• _Items from a dataset_:
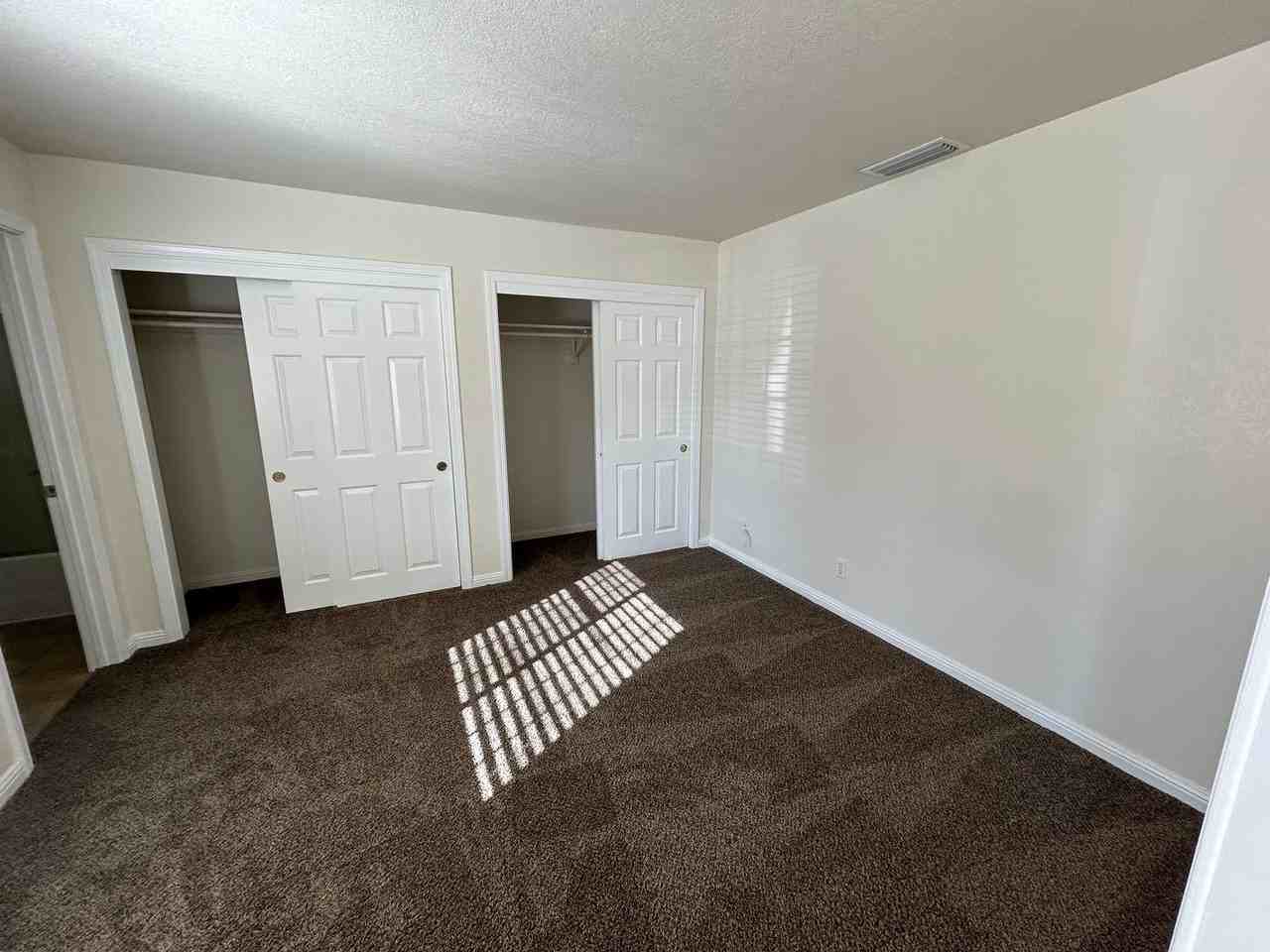 410 W Harter Ave - Photo 4 of 19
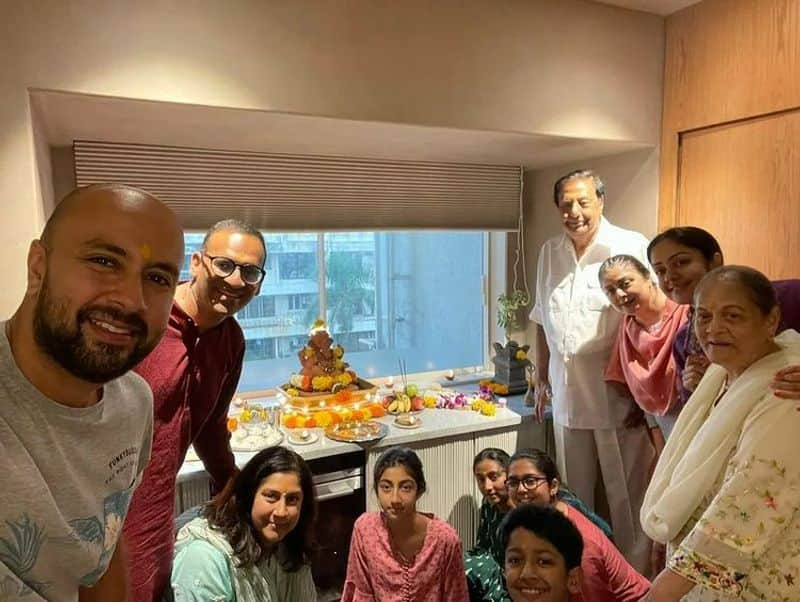 அம்மா அப்பாவுடன் விநாயகர் சதுர்த்தி கொண்டாடிய ஜோதிகா..வெளியான அழகிய புகைப்படங்கள் 5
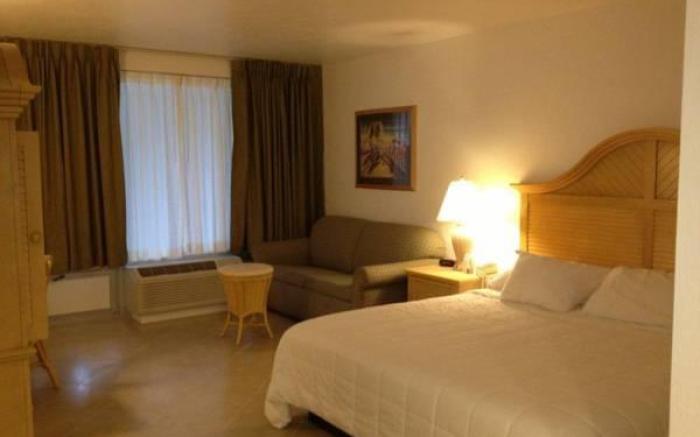 Dolphin Key Resort - Cape Coral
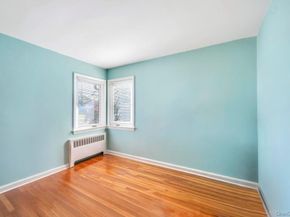2 Ash Place, New Hyde Park NY 11040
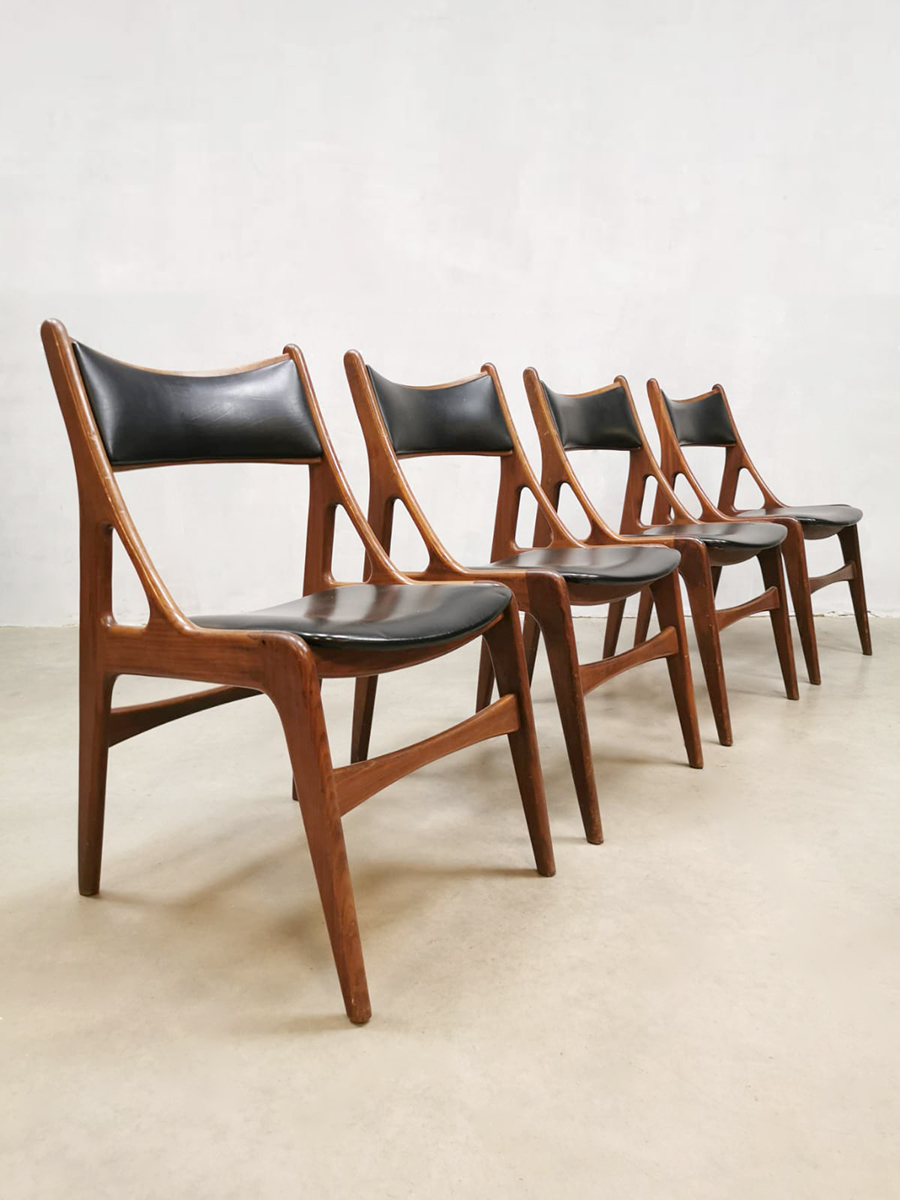 Midcentury Danish design dining chairs Deens eetkamerstoelen 'organic'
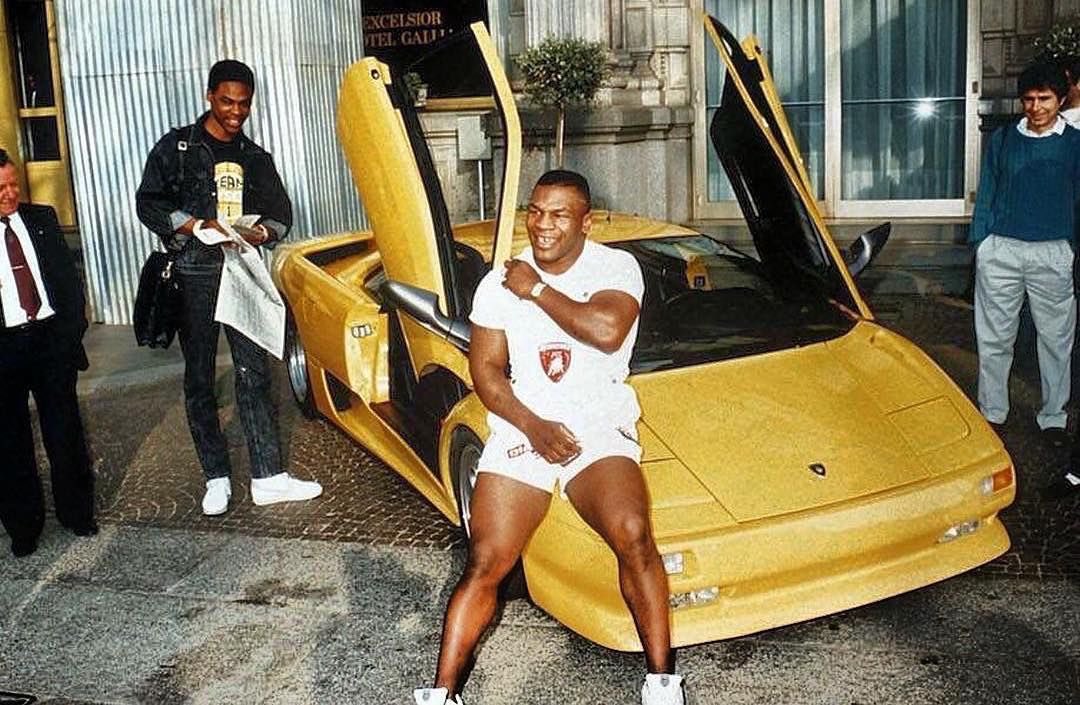 Mike Tyson's reckless spending habits caused him to lose 400 million USD: Giving a supercar to the opponent who beat him - Photo 2.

• _What is expected_: Print the lines from the one holding "Dolphin Key Resort - Cape Coral" through the last line of the records, word for word, and omit the pictures.

• _Completed exercise_:
 Dolphin Key Resort - Cape Coral
2 Ash Place, New Hyde Park NY 11040
 Midcentury Danish design dining chairs Deens eetkamerstoelen 'organic'
 Mike Tyson's reckless spending habits caused him to lose 400 million USD: Giving a supercar to the opponent who beat him - Photo 2.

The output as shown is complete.